I’ve always been a Gladwell fan, since The Tipping Point and Blink I have been fascinated by his insights backed with diligent research and wrapped in his entrancing storytelling style. These are insights I could apply at work, or at the very least serve as an interesting conversation topic on nights out with friends. This new book was not only made to be read, but it was also meant to be heard. In the audiobook version, you get to hear the voices of people he interviewed as well as sound bites from the actual events.
I was a happy customer.
Then I thought, how could we make our customers at DDLS Philippines as happy if not happier?
We need to map the customer journey. In my previous blog post, I discussed training from three different personas: Trainee, Manager (of the Trainee), and the Trainer. Empathizing with the customer (in this case the trainee and manager of the trainee), then formulating informed guesses about what their behaviors are, is the first and most critical step. Of course, understanding internal stakeholders (in this example the trainer) is equally important. How can one deliver a service that would delight the client without understanding the person largely responsible for the service delivery? We obsess about having the best trainers available. Not only should they be able to articulate on the subject matter, but they should also be able to translate these into real-world applications that the trainees can apply in their day-to-day jobs. I know the trainer is doing it right when I see after-class whiteboarding sessions. We love it when our trainees pass their certification exams, but we love it more if they are able to apply what they have learned.
Doing simple things right like having the proper and official courseware and labs and having the two monitors (one for the courseware, the other for the labs), ergonomically designed tables and chairs, go a long way to ensure a pleasant student experience.
Another thing we think a lot about is the convenience of the trainees. Is our campus easy to find? Is it accessible to public transportation? Is there enough parking? Is parking reasonably priced? Are there enough food options? Can the trainee do some shopping after their class? Does the trainee look forward to learning at the DDLS BGC campus? The decision to locate our first Philippine campus at the SM Aura Tower at BGC was a no-brainer.
We’re thankful to have the benefit of best practices from DDLS Australia who’s been the best in the business for almost 30 years. But we keep an open mind and heart to the proclivities of our Filipino customers.
In an actual customer journey map, there will be more personas and the discussion on moments of truth, perceptions, risks, and opportunities (gaps) will be more exhaustive.
Back to the audiobook: I am in chapter 7 now (or about 5 hours of Metro Manila traffic into the 9-hour audiobook), which talks about the Amanda Knox Case. It is a classic example where a person was wrongfully accused of murder because of her seemingly “guilty” demeanor. My take away from this is that people are inherently complicated, what complicates it more is when the physical evidence diverges from the perceptions of even the most seasoned investigators more so the press and public opinion.

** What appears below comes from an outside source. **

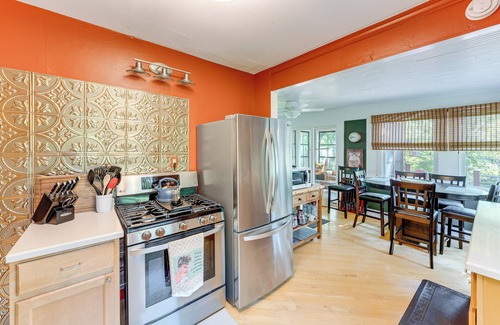 Williams Bay House | Lake Geneva Family Gem w/Fenced Dog Run!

This leads me to my final point which I feel is rarely discussed: creating and executing a customer journey map requires the emotional maturity to throw away long-held perceptions when the “physical evidence” does not align with it. It is listening intently, empathizing, and if necessary, course-correcting quickly even before negative feedback is received. It is celebrating wins knowing that the formula for winning today might not be applicable tomorrow. It is acknowledging that at least at the start, our customers will be strangers to us and we will be strangers to them.
And our objective as a customer-centric service provider is to ensure that it does not remain this way.